Recover data from Quarantine

In this guide you'll learn the basics about the Quarantine Data Source, and how to use it to detect and fix errors on any of your Data Sources.

The Quarantine Data Source

Check the Quarantine Data Source for more information if you are not familiar with the concept.

The Quarantine Data Source is named {datasource_name}_quarantine and can be queried using Pipes like a regular Data Source.

A practical example

This guide uses the Tinybird CLI, but all steps can be performed in the UI as well.

For this guide, we will use an NDJSON Data Source, with data that looks like this:

  "store_id": 1,
  "purchase": { "product_name": "shoes", "datetime": "2022-01-05 12:13:14" }

We'll start by generating a Data Source file from this JSON snippet, push the Data Source to Tinybird, and ingest the JSON as a single row.

The schema that is generated from the JSON will look like this:

You can check in the UI and see that your Data Source has been created and the row ingested.

Data Source details can be accessed from your Sidebar

Now, we will try to append some rows that don't match the Data Source schema. These rows will end up in the quarantine Data Source.

You can check in the UI and see that there is a notification warning you about quarantined rows.

Quarantine Data Source is always accessible (if it contains any rows) from the Data Source modal window

Check out the Log tab

In the Data Source view you'll find the Log tab, which shows you details about all operations performed on a Data Source. If you're following the steps of this guide, you should see a row with event_type as append and written_rows_quarantine as 2.

In the UI, you can review the rows that have been sent to quarantine by navigating to the quarantine Data Source page from the quarantine warning notificaiton.

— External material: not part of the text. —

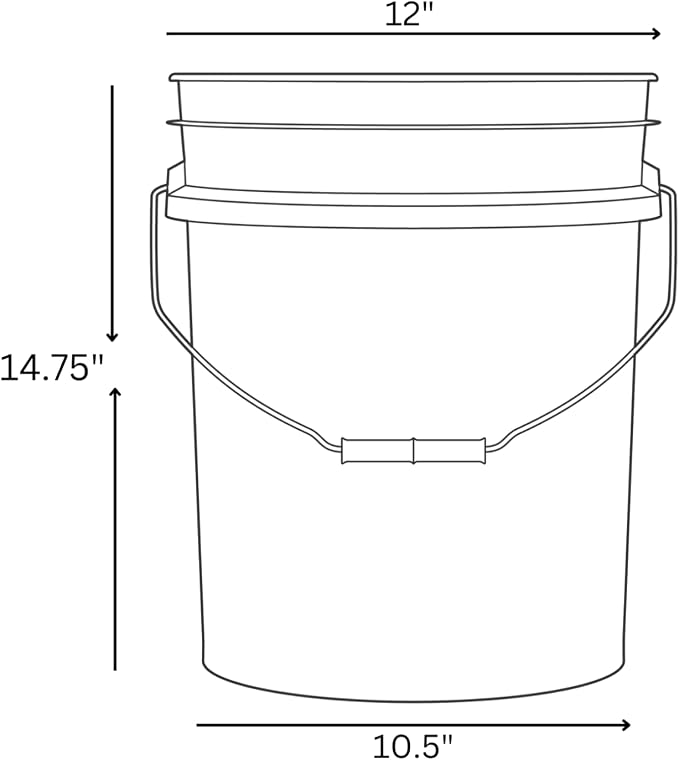 House Naturals 5 Gallon Premium HPDE Plastic Bucket - Image 3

Within the quarantine view you can see both, a summary of errors and the rows that have failed

In the Errors view you will see a summary of all the errors and the number of occurrences for each of those, so you can prioritize fixing the most common ones. In the Rows view, you will see all the rows that have failed, so you can further investigate why.

Fixing quarantine errors

There are generally three ways of fixing quarantine errors:

Modify your data producer

Usually, the best solution is to fix the problem at the source. This means updating the applications or systems that are producing the data, before they send it to Tinybird.

The benefit of this is that you don't need to do additional processing to normalize the data after it has been ingested, which helps to save cost and reduce overall latency. However, it can come at the cost of having to push changes into a production application, which can be complex or have side-affects on other systems.

Modify the Data Source schema

Often, the issue that causes a row to end up in quaratine is a mismatch of data types.

A simple solution is to modify the Data Source schema to accept the new type.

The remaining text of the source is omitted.